» **About this task**
The line containing "Two Cats Burgundy Tote bag" marks the end; return exactly every line from the start of the records up to and including it, but no pictures.

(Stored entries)

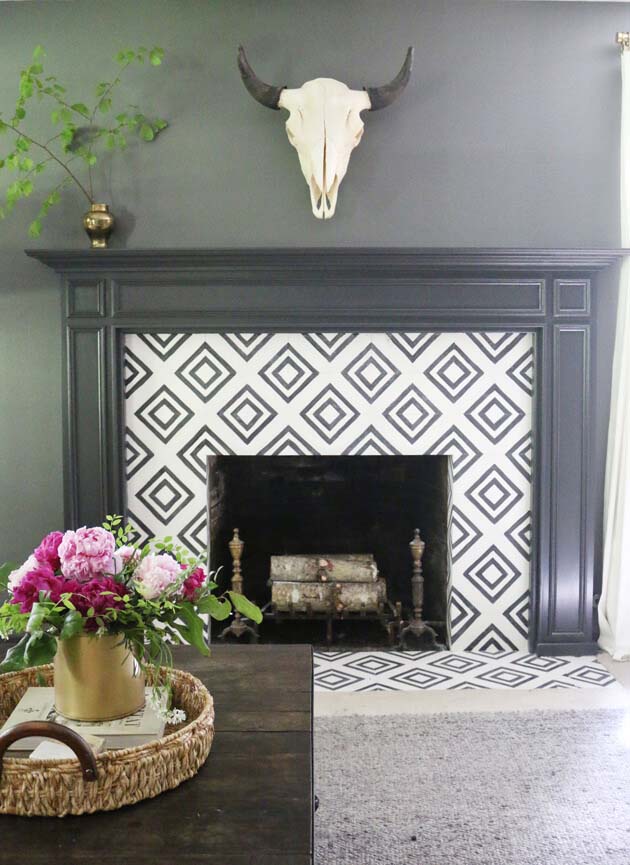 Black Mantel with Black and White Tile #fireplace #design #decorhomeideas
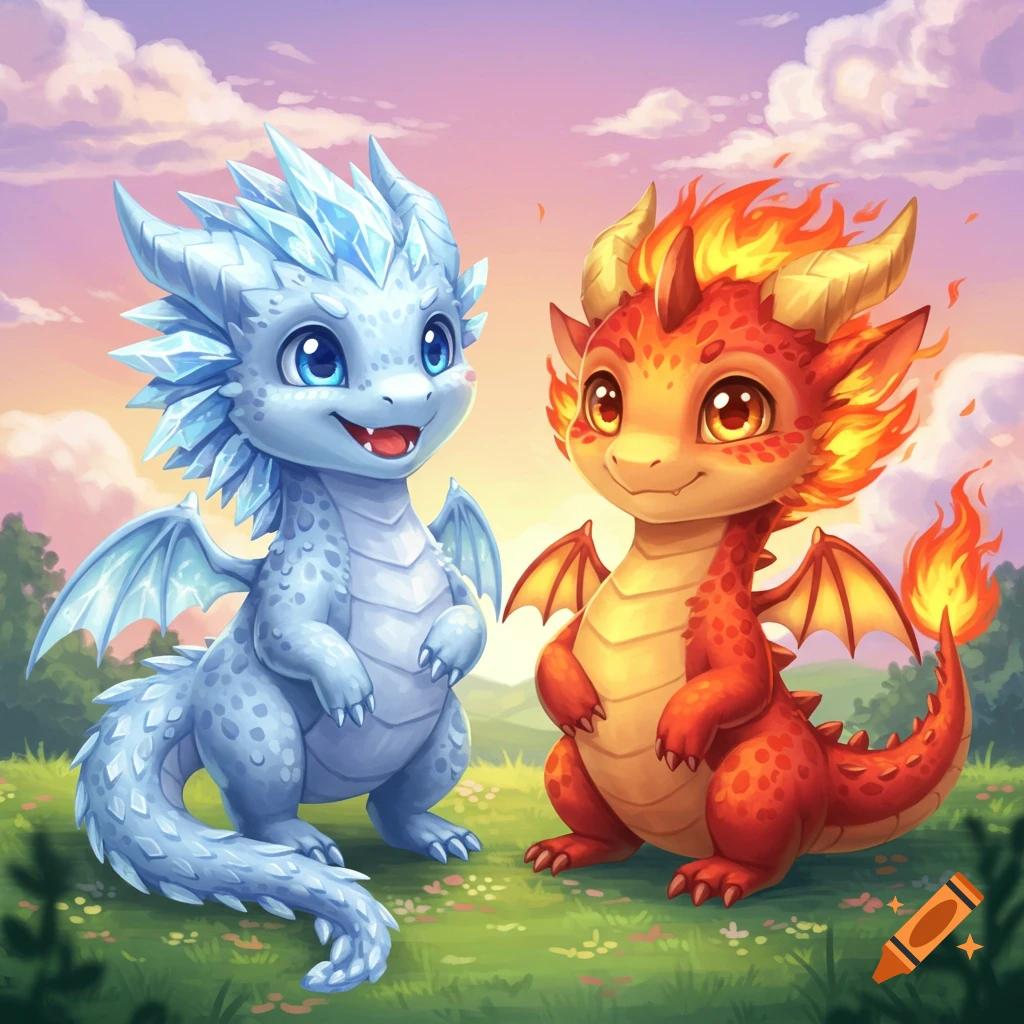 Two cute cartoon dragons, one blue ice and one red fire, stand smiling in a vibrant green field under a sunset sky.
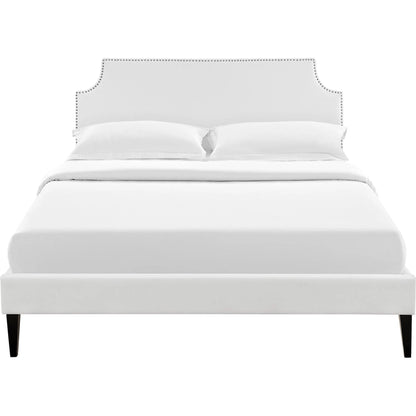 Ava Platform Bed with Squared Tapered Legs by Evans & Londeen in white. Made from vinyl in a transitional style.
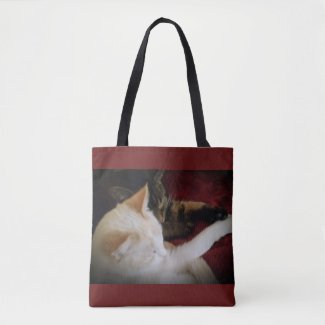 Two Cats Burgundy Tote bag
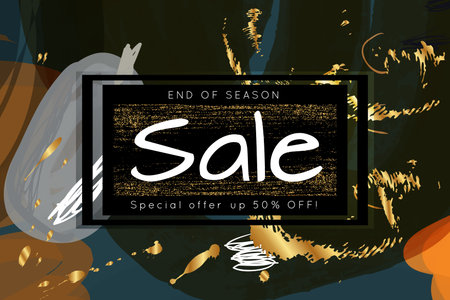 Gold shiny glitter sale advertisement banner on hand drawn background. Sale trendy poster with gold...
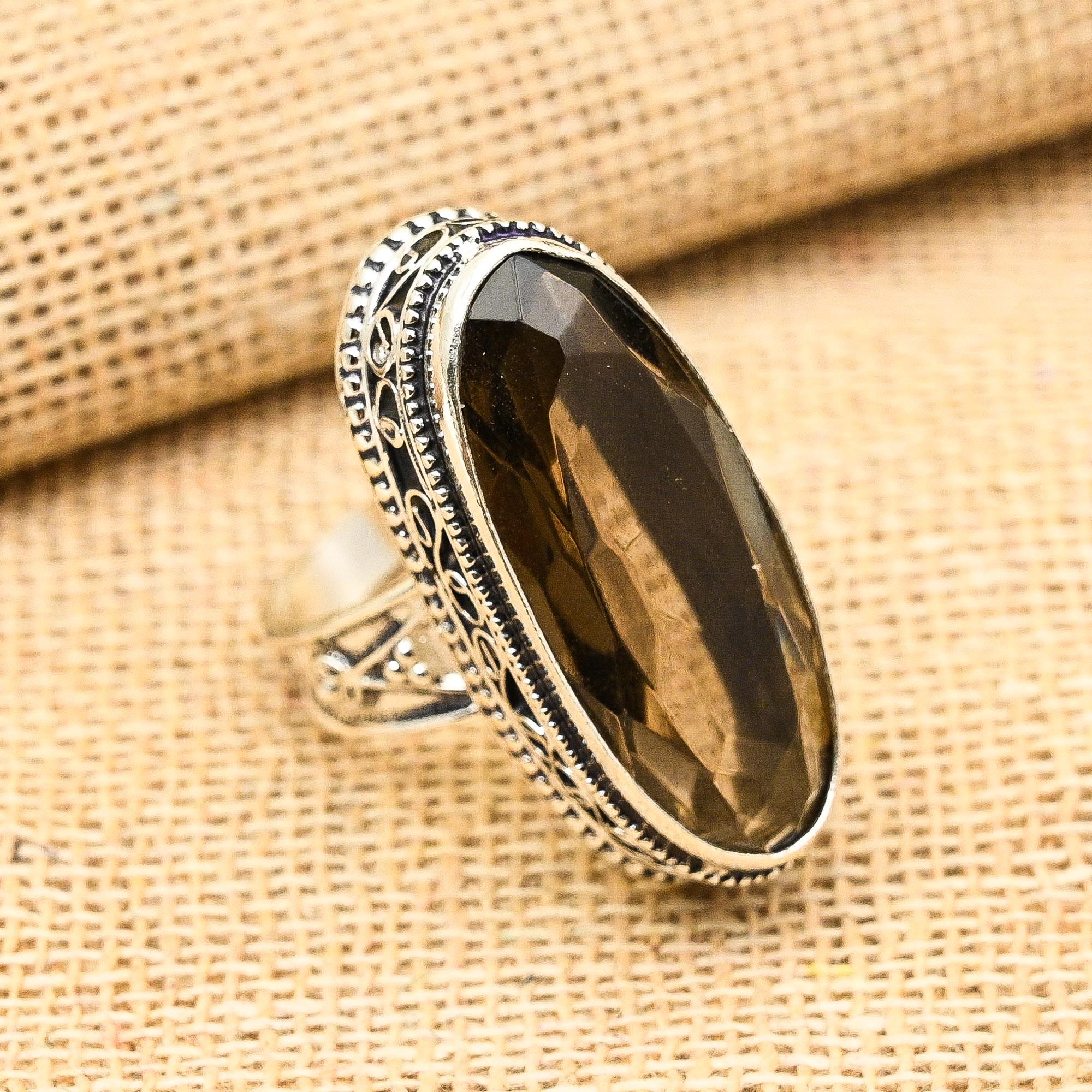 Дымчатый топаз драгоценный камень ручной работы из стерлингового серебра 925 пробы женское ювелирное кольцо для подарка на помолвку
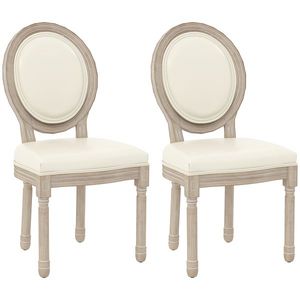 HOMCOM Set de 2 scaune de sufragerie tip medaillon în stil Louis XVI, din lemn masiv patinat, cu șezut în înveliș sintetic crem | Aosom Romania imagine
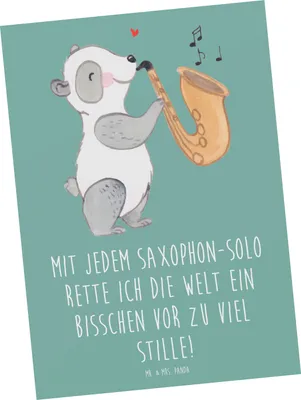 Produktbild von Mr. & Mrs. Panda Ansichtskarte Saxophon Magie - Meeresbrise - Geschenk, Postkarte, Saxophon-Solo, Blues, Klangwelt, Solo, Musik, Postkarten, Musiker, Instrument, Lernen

» **Exercise answer**
 Black Mantel with Black and White Tile #fireplace #design #decorhomeideas
 Two cute cartoon dragons, one blue ice and one red fire, stand smiling in a vibrant green field under a sunset sky.
 Ava Platform Bed with Squared Tapered Legs by Evans & Londeen in white. Made from vinyl in a transitional style.
 Two Cats Burgundy Tote bag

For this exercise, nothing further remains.